**Given data:**
***

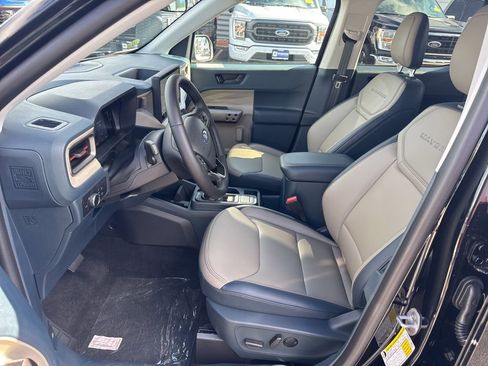 New 2025 Ford Maverick Lariat image 10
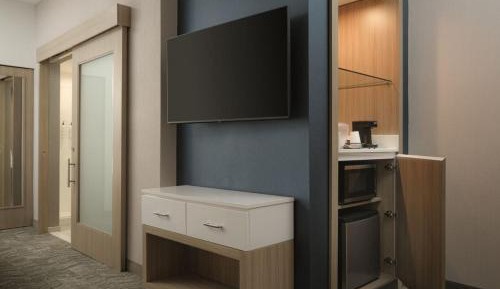 Queen Suite with Two Queen Bed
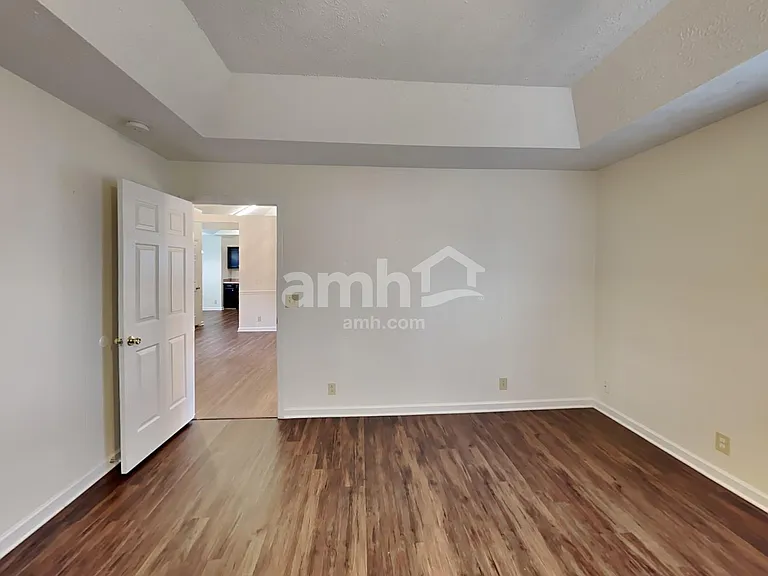 307 Briarwood Ln — Photo 10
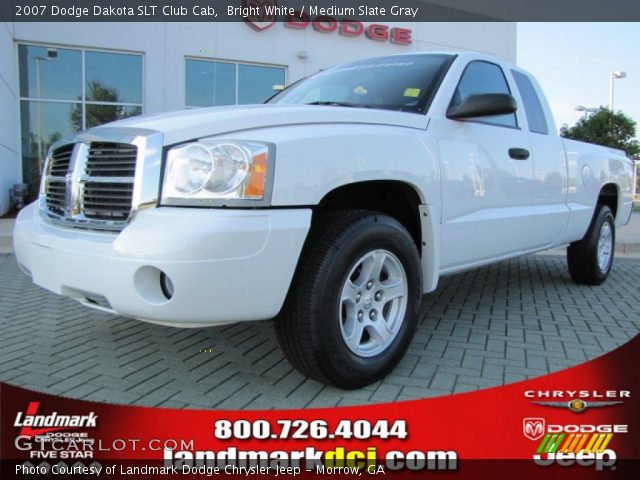 2007 Dodge Dakota SLT Club Cab in Bright White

***

**Directions for this task:**
Copy out, with no pictures, the lines from the one containing "307 Briarwood Ln — Photo 10" through the last line of the data above, both ends included and each word unchanged.

**Finished task:**
 307 Briarwood Ln — Photo 10
 2007 Dodge Dakota SLT Club Cab in Bright White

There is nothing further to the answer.